Он вонзил шпоры в бока лошади и помчался диким галопом по полю. Придворные чины в экипажах, видя этого мчащегося в карьер Преображенского офицера, сочли его за курьера, мчащегося в Ораниенбаум, чтобы первым приветствовать нового императора.

Эта мысль мелькнула почти у всех владельцев экипажей; все они начали гнать своих кучеров; скоро все экипажи пустились полным галопом, точно на олимпийском беге; но и тут им не удавалось настичь бешено летевшего по полям всадника.

На лице Пассека был почти грозный вызов, когда он, опередив все экипажи, входил в огромную переднюю ораниенбаумского дворца, в которой неспокойно волновалась толпа посетителей. И здесь тоже его прибытие произвело впечатление; он ведь был человек, осыпанный особыми милостями императрицы, ведь он больше, чем кто бы то ни было, должен был желать ей долгого царствования; если теперь и он тоже появился здесь, в районе лучей восходящего солнца, то это, вне сомнения, значило, что он осведомлён о положении государыни и, видимо, питает мало надежды на улучшение её здоровья, а потому и счёл необходимым заставить будущего повелителя забыть о том, что именно он принёс весть о победе над прусским королём — весть, которая должна была быть крайне неприятна великому князю.

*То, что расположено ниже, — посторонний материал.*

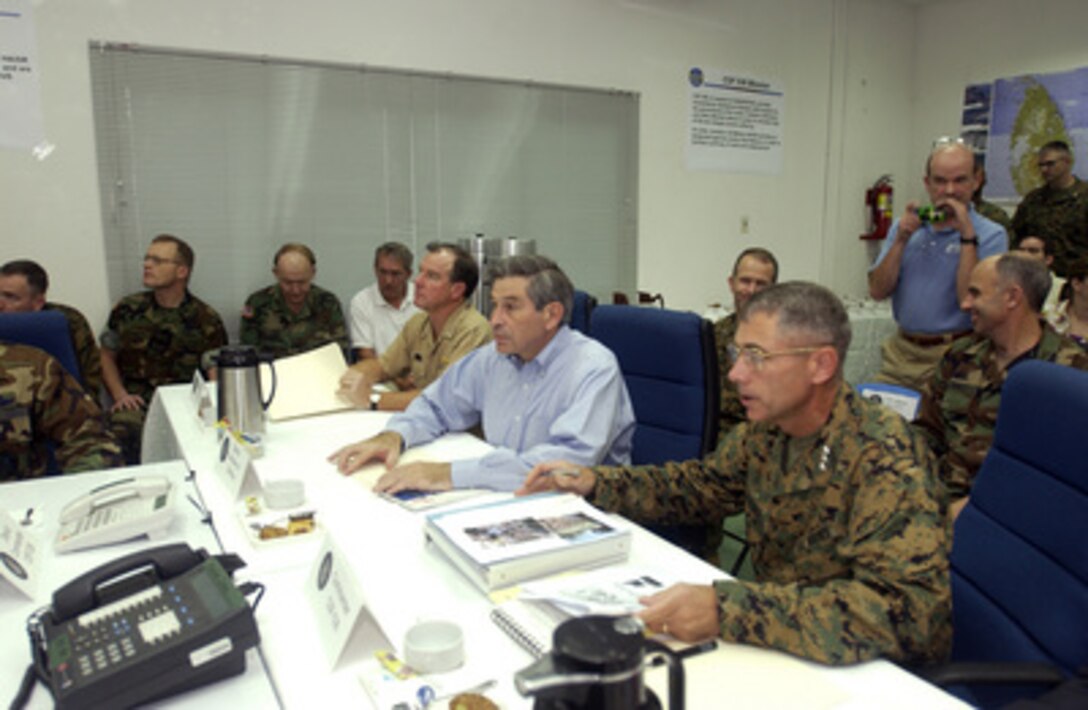 Deputy Secretary of Defense Paul Wolfowitz (center) and Navy Adm. Tom Fargo, commander Pacific Command (left) receive a disaster assessment briefing from Marine Lt. Gen. Rodger Blackman (right), commander Combined Support Force 536 at Utaphao, Thailand, on Jan. 15, 2005. Wolfowitz is in Utaphao to meet regional commanders and thank the U.S. service men and women who are providing humanitarian assistance to areas devastated by the Dec. 26, 2004, Indian Ocean tsunami as part of Operation Unified Assistance. 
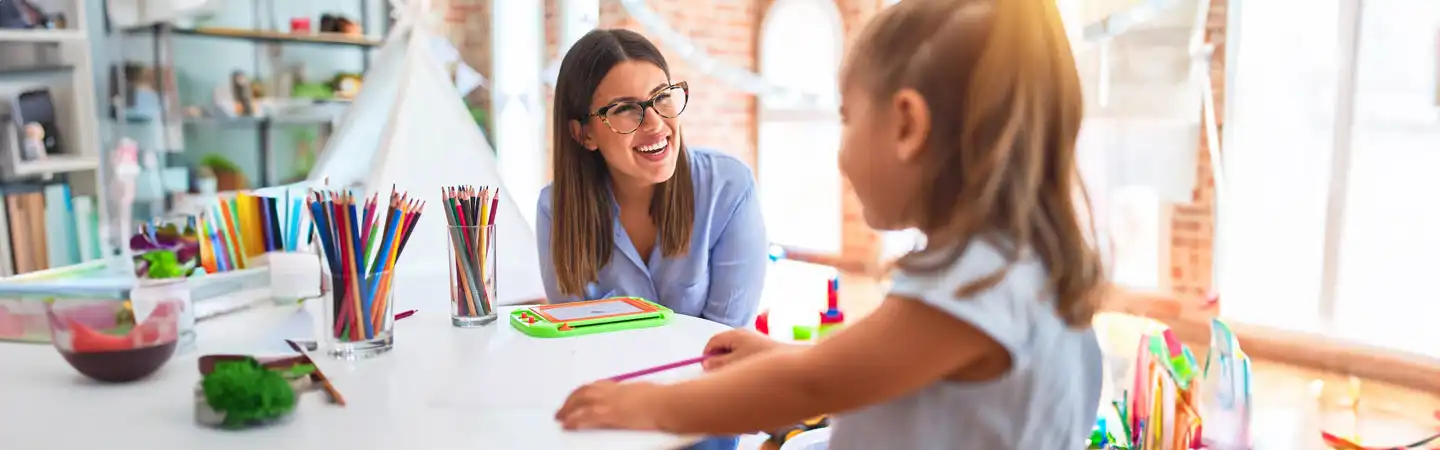 A woman with glasses smiles and interacts with a young girl in a well-lit art classroom filled with colorful supplies.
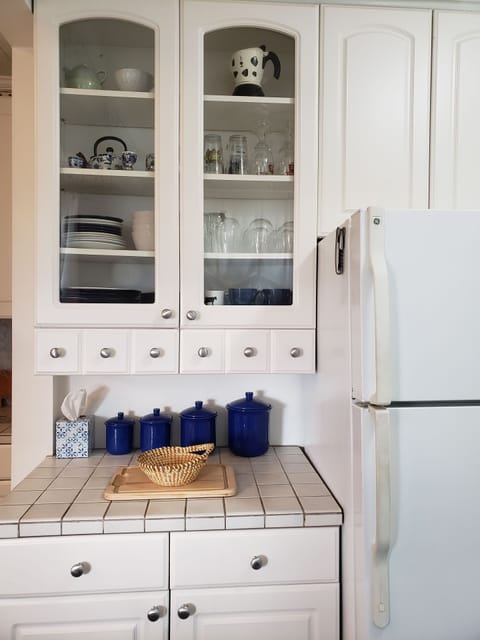 full fridge/freezer combo, lots of dishes, pots and pans, sharp knives, utensils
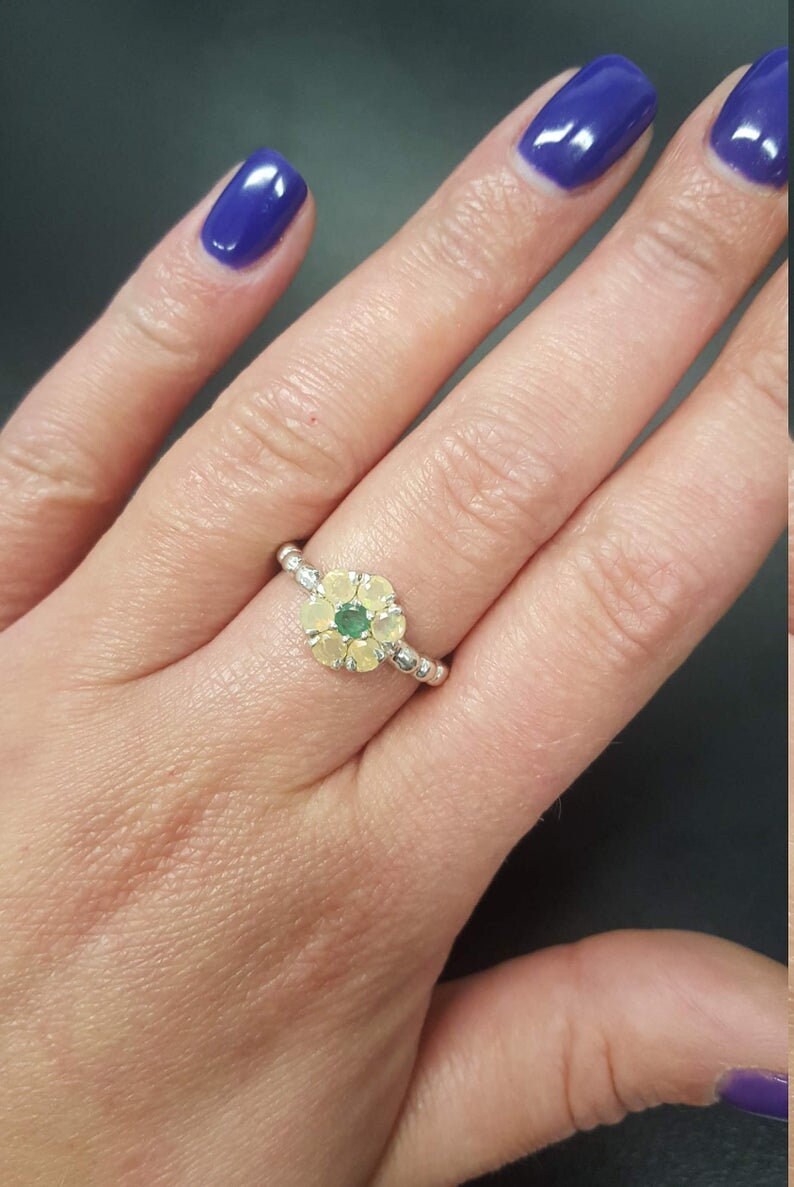 Dainty Flower Opal Ring placed on middle finger with deep purple nails, highlighting its nature-lover daisy design in sterling silver. This October birthstone radiates warmth and creativity, making it a thoughtful gift for loved ones. Best suited for art gallery visits, seasonal parties, and romantic outings.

Однако Пассек обращал мало внимания на беспокойство и движение, возбуждённые его появлением; он отвечал на сыпавшиеся со всех сторон вопросы холодными, краткими, подчас невежливыми ответами и велел слуге доложить о себе великой княгине, к которой и был немедленно введён.

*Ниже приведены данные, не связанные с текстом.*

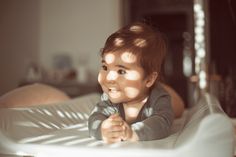 a small child laying on top of a bed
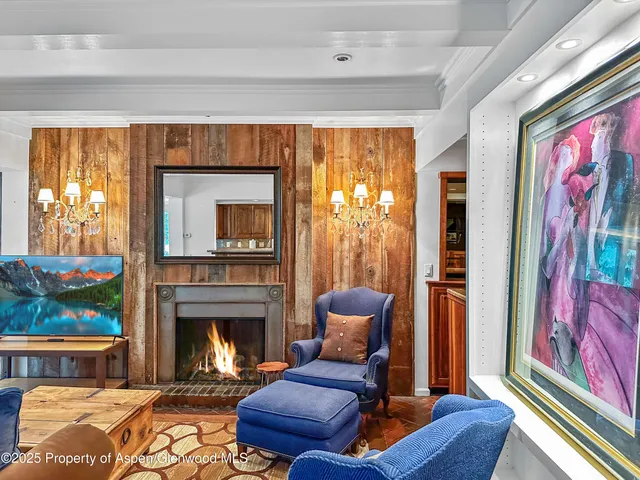 a living room with furniture fireplace and flat screen tv
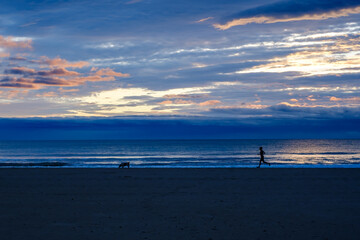 Girl with dog doing sport on the beach at sunrise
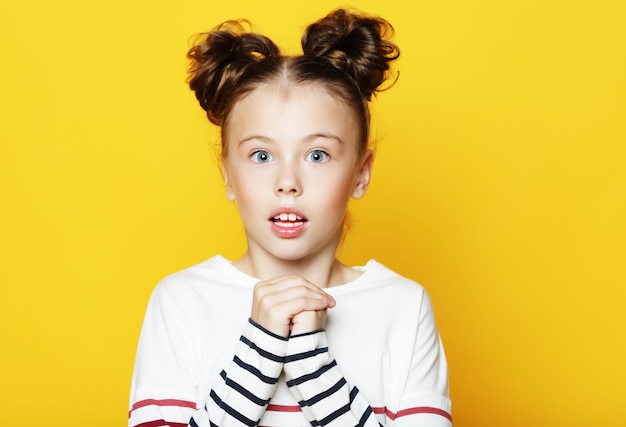 Portrait de petite fille avec la bouche ouverte et l'expression folle Visage surpris ou choqué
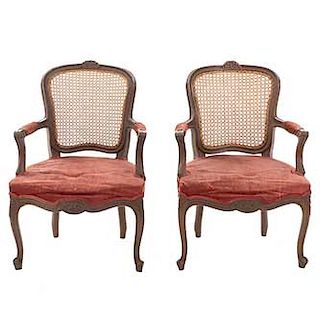 Par de sillones. SXX. En talla de madera. Con respaldos de bejuco, asiento en tapicería color vino.
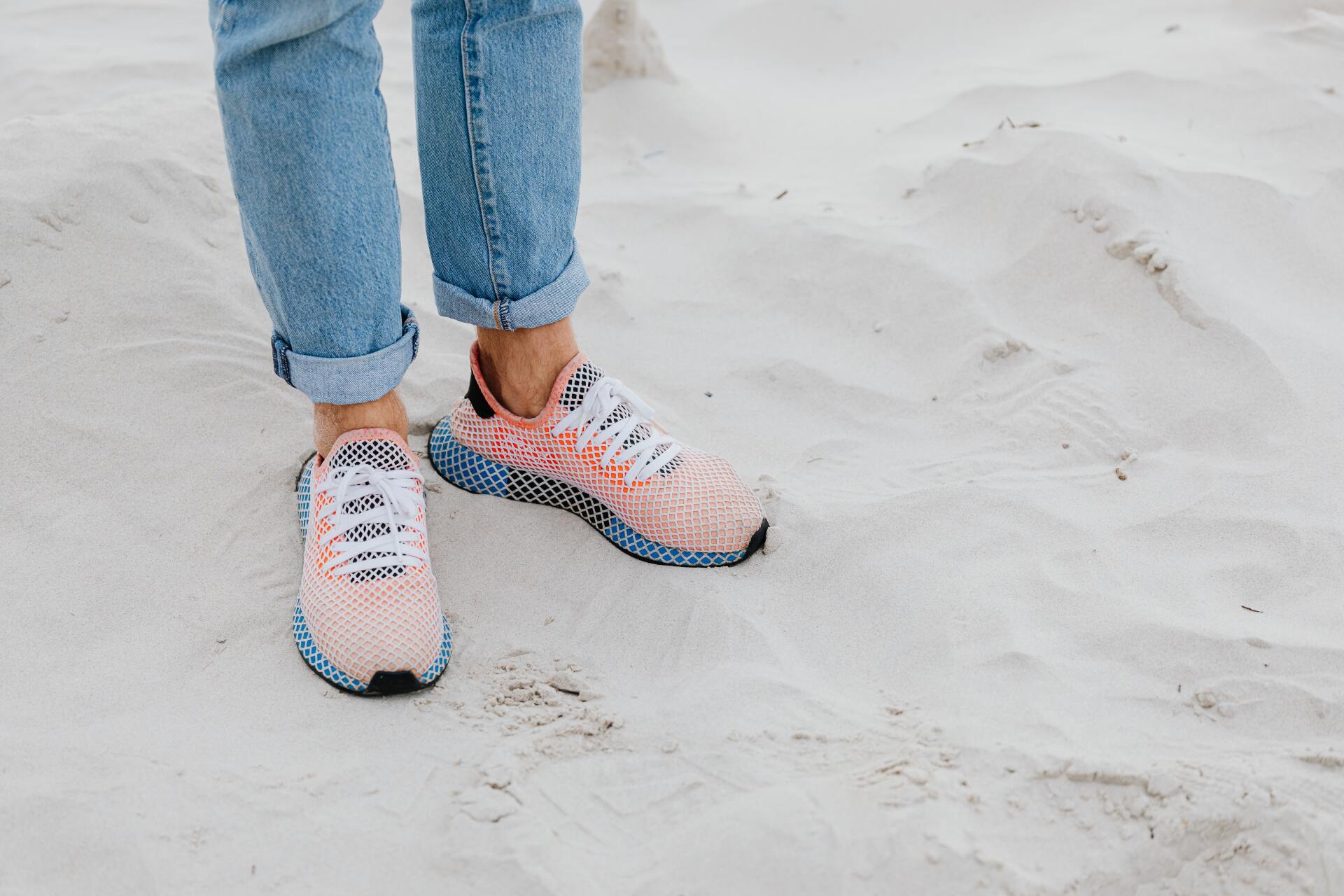 Person wearing light-wash jeans and colorful sneakers standing on white sand.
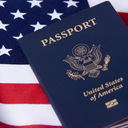 U.S. passport sitting atop an American flag.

Екатерина Алексеевна сидела в своём кабинете; на ней было белое утреннее платье. Весь её туалет был вполне подходящ для этого раннего часа дня и очень прост, однако был дополнен доходящим до талии горностаевым воротником, накинутым на плечи как бы для защиты от утренней свежести. И это было тоже вполне естественно, так как положение русской великой княгини и прирождённой герцогини голштинской давало ей право носить эту одежду, присвоенную в то время исключительно августейшим особам. На груди великой княгини краснела полоса ленты ордена св. Екатерины; так как она намеревалась показаться придворным, съехавшимся в Ораниенбаум, то было опять-таки очень естественно, что она возложила на себя пожалованный самой государыней высший русский орден. Однако, несмотря на простоту её платья и на то, что в её волосах не было ни одного украшения, этот как бы случайно наброшенный горностаевый воротник и широкая красная лента давали ей вид повелительницы, собирающейся вступить в круг своих подданных. Но выражение лица Екатерины Алексеевны в тот момент, когда Пассек подошёл к ней, вовсе не соответствовало всему её виду; на её побледневшем лице читалось болезненное беспокойство, почти отчаяние.

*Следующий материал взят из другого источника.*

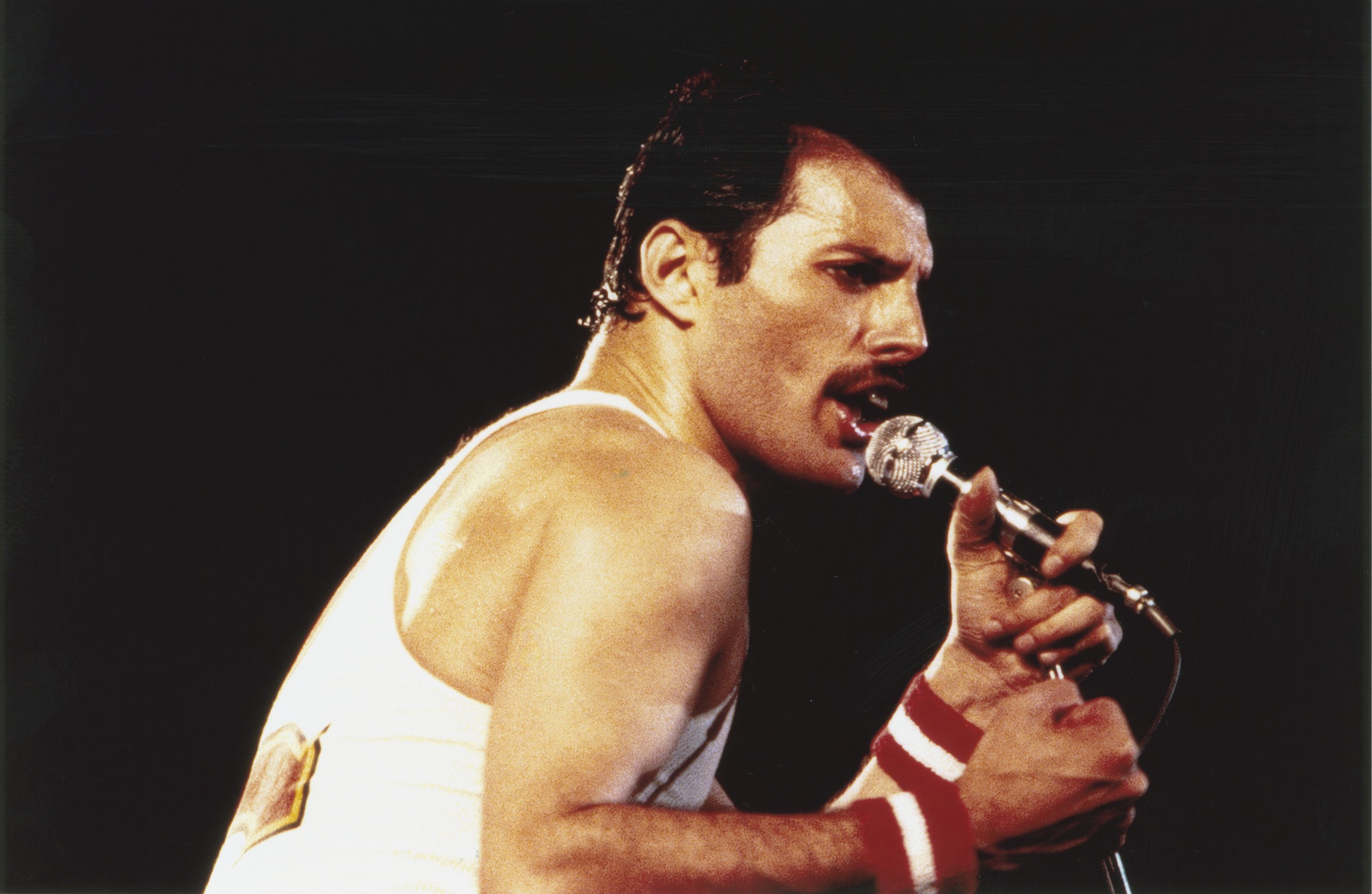 Freddie Mercury performs with Queen at the Milton Keynes National Bowl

Молодой офицер склонился перед ней со всей почтительностью, требуемой её саном, но в его взоре была какая-то холодность; он как будто решил с полной невозмутимостью принять всё, что ни услышит.

— Я. приказала передать вам моё приглашение, — произнесла Екатерина Алексеевна, потупив взор, — так как имею в виду дать вам кое-какие объяснения и, быть может, вернуть покой и счастье вашей душе.

— Я буду благодарен вашему императорскому высочеству за каждое объяснение, — проговорил Пассек. — Я не понимаю, — холодно продолжал он, — почему вы заранее предполагаете, что моё сердце нуждается в покое и счастье, что я неспокоен и несчастлив? — А затем, отдаваясь мысли, захватившей его ум, он воскликнул: — Я сделал то, чего требовал от меня долг. Я спокойно и без страха буду ждать, станет ли завтра дурным и достойным возмездия то, что сегодня было справедливо и достойно награды.

Екатерина Алексеевна смотрела на него удивлёнными глазами.

— Я вовсе не хочу говорить с вами о служебном долге или о чём бы то ни было, касающемся службы, — произнесла она. — Это, — прибавила она с ударением, — касается государыни императрицы, а не великой княгини. — Затем она продолжала с быстрой решимостью, свойственной её характеру: — Я велела позвать вас сюда, чтобы поговорить с вами о Марии Викман, бывшей до сих пор, насколько я знаю, счастьем всей вашей жизни и теперь ставшей для вас источником тяжких страданий.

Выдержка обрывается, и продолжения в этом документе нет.